In particular, the fact that the informant in Glover was himself a gang member raised the concern that the informant had simply made up claims about the defendant's drugs and guns because of gang rivalries. If the police had corroborated the tip or the informant had been reliable in the past, that could assuage concerns that the informant had just manufactured the probable cause from whole cloth. In such a case, "omission of an informant's criminal background and financial motive is not necessarily essential to the probable cause determination." But the absence of that corroboration or reason to trust the informant, and the fact that the informant's credibility was key to the case, made disclosing that informantion essential.

What do we make of these cases in the context of #ReleaseTheMemo? I think a few lessons emerge, at least assuming that the FISC judges approach omissions in affidavits in the same way judges ordinarily do in criminal cases (which seems a fair assumption to me, although I'm open to correction on that).

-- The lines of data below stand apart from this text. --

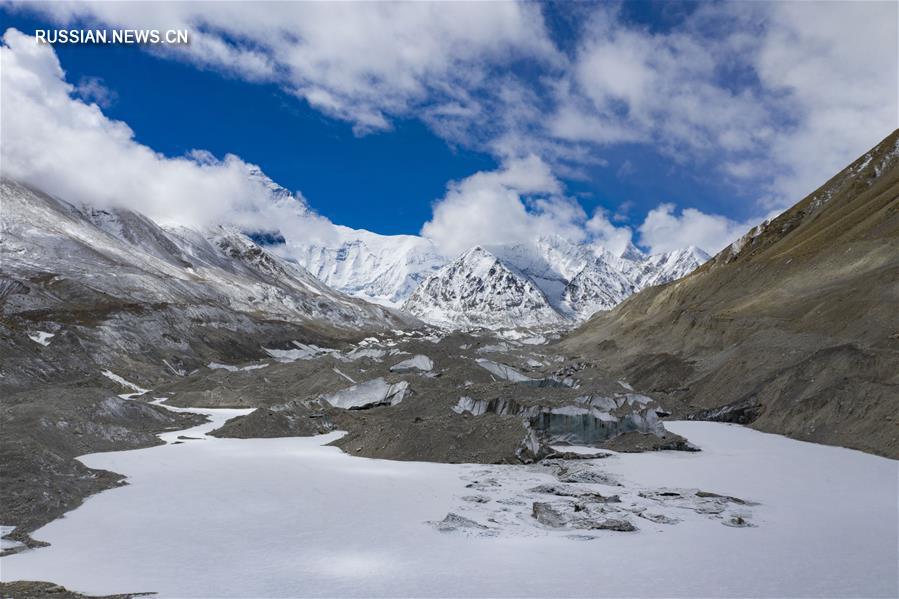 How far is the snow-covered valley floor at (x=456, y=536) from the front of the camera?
12.6 meters

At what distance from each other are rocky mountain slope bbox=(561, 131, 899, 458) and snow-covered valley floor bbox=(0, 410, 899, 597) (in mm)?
6750

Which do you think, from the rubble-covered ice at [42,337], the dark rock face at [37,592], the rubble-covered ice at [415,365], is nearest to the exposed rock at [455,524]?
the dark rock face at [37,592]

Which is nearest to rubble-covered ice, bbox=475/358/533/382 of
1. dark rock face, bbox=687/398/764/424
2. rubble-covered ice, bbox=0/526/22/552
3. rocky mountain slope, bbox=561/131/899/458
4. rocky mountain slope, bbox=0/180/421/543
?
rocky mountain slope, bbox=561/131/899/458

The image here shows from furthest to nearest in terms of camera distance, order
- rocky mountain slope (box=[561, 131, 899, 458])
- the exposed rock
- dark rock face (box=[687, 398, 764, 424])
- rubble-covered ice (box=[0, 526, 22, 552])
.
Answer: dark rock face (box=[687, 398, 764, 424]) → rocky mountain slope (box=[561, 131, 899, 458]) → the exposed rock → rubble-covered ice (box=[0, 526, 22, 552])

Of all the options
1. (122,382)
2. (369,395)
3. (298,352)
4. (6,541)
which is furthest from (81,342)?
(6,541)

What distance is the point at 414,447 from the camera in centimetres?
2997

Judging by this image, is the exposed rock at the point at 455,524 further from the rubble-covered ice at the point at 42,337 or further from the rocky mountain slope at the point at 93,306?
the rubble-covered ice at the point at 42,337

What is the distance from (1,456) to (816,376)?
39.1 m

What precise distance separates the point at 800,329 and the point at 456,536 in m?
44.9

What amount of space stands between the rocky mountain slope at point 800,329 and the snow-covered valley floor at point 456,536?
675cm

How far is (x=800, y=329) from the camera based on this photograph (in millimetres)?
50906

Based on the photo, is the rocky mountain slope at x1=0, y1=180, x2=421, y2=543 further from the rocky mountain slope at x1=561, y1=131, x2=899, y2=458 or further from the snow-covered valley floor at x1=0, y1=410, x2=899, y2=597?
the rocky mountain slope at x1=561, y1=131, x2=899, y2=458

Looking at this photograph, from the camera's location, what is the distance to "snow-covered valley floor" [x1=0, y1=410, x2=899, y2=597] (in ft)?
41.3

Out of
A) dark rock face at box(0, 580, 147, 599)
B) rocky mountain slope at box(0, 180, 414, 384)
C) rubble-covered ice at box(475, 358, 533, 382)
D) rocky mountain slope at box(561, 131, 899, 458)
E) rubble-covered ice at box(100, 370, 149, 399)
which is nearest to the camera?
dark rock face at box(0, 580, 147, 599) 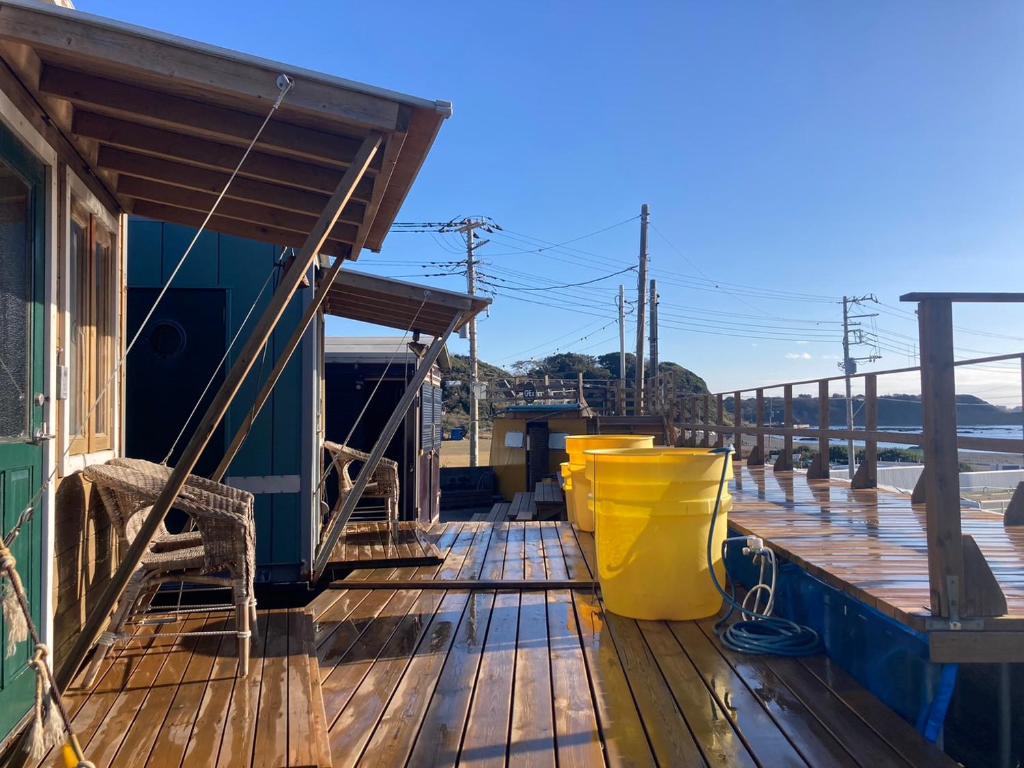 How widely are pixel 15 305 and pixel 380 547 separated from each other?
3170mm

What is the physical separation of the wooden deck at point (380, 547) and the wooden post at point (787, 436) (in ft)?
12.8

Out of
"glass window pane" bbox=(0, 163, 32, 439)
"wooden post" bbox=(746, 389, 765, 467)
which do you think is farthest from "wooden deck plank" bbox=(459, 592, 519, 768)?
"wooden post" bbox=(746, 389, 765, 467)

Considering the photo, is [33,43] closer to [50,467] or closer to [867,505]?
[50,467]

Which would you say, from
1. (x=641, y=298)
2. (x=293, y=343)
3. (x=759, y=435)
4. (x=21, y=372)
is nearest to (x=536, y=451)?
(x=641, y=298)

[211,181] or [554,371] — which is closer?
[211,181]

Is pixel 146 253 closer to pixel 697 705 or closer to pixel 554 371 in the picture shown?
pixel 697 705

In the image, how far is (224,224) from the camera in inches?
127

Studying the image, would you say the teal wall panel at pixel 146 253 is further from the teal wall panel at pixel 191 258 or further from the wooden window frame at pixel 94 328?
the wooden window frame at pixel 94 328

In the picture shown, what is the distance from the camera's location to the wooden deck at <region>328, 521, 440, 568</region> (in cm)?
453

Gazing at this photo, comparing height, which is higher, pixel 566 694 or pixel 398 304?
pixel 398 304

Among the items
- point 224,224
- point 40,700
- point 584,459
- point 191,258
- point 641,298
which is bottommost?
point 40,700

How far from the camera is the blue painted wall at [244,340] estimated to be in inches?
177

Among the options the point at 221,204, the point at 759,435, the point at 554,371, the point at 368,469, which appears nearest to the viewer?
the point at 221,204

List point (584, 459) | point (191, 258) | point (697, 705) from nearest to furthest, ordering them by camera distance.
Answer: point (697, 705) < point (191, 258) < point (584, 459)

First, you need to know all of the facts claimed in the Carter Page FISA affidavit to know if disclosing the funding source of the Steele's research was even remotely relevant. My understanding is that FISA applications like this are rarely close calls. DOJ usually gives the FISC way more than probable cause. (At least that's my understanding: I was at DOJ and applied for warrants and a Title III order way back when, but I haven't done any FISC work.) If that's right, it means that Steele's research may have been included in the affidavit amidst a ton of other evidence. And if so, the Steele research itself may have been wholly irrelevant to the application. It's hard to see any significance to whether the funding source of irrelevant research was included. If that's right, the omission was not material, in the language of Smith v. Edwards; including it would not have negated probable cause. And you would need to assess that based on reading the entire affidavit, not just whatever is alleged in the four-page Nunes memo.

Second, even if the Steele research was a major part of the affidavit, whether the funding source would need to be disclosed depends on whether it critically altered the case for probable cause. Some of that would depend on whether the Steele research was corroborated. If the government looked into the Steele memorandum and corroborated some of its claims, it undercuts the need to disclose the funding source.

And some of that depends on identifying just what the narrative is for why the funding source was critical to establishing probable cause. I think that point is really important and too easily ignored. In #ReleaseTheMemo circles, any possible link between the Steele dossier and the Clinton campaign is like an atomic bomb. It completely annihilates any possible credibility the Steele dossier may have, leaving the exposed words of the dossier behind like the haunting shadows of the Hiroshima blast.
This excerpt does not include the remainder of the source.